*Problem requirements*. Output the line that contains "Hotel Restaurant La", then every line beneath it through the end of the records, exactly as given and with no other lines.

*Extracted records*.
----------

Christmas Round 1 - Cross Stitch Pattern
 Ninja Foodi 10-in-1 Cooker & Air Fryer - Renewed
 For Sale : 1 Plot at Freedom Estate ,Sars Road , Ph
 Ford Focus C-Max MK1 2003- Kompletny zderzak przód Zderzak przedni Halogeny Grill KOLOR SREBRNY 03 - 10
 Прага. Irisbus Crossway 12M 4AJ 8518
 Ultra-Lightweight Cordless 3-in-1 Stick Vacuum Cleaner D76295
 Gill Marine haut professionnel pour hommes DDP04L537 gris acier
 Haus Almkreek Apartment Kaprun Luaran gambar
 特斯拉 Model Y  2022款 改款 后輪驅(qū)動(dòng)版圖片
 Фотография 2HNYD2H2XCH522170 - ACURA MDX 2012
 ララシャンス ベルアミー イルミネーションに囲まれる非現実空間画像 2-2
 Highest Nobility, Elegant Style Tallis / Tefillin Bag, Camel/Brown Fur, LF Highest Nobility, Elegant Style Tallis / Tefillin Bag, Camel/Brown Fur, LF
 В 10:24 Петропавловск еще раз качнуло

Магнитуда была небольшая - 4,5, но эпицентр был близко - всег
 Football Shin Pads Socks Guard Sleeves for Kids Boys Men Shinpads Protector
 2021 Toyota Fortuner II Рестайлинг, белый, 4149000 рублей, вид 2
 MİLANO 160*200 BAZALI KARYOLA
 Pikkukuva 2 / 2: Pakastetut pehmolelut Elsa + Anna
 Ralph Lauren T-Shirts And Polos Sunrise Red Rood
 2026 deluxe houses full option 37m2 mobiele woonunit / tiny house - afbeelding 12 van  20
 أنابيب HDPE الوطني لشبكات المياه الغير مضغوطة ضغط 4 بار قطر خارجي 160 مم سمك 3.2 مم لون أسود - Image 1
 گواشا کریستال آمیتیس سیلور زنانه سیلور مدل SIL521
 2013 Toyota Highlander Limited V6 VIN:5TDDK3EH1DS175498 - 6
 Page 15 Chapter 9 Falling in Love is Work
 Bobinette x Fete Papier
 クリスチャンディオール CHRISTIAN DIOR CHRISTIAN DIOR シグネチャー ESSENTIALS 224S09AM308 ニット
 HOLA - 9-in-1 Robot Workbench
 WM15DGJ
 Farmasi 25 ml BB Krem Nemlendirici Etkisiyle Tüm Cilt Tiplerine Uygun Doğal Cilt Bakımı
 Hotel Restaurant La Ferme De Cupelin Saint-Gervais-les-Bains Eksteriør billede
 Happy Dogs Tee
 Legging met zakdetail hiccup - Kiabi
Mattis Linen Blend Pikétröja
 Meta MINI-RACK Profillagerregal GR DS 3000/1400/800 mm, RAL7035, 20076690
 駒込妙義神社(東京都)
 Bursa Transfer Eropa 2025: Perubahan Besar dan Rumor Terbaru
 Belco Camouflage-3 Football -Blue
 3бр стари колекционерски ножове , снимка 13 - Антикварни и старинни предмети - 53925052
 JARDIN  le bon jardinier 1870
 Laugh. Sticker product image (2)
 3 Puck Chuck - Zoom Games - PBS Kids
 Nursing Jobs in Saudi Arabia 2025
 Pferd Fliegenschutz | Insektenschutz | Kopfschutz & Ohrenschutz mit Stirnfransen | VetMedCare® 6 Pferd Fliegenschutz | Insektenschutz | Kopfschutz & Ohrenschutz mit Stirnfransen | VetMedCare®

----------

*Task solution*.
 Hotel Restaurant La Ferme De Cupelin Saint-Gervais-les-Bains Eksteriør billede
 Happy Dogs Tee
 Legging met zakdetail hiccup - Kiabi
Mattis Linen Blend Pikétröja
 Meta MINI-RACK Profillagerregal GR DS 3000/1400/800 mm, RAL7035, 20076690
 駒込妙義神社(東京都)
 Bursa Transfer Eropa 2025: Perubahan Besar dan Rumor Terbaru
 Belco Camouflage-3 Football -Blue
 3бр стари колекционерски ножове , снимка 13 - Антикварни и старинни предмети - 53925052
 JARDIN  le bon jardinier 1870
 Laugh. Sticker product image (2)
 3 Puck Chuck - Zoom Games - PBS Kids
 Nursing Jobs in Saudi Arabia 2025
 Pferd Fliegenschutz | Insektenschutz | Kopfschutz & Ohrenschutz mit Stirnfransen | VetMedCare® 6 Pferd Fliegenschutz | Insektenschutz | Kopfschutz & Ohrenschutz mit Stirnfransen | VetMedCare®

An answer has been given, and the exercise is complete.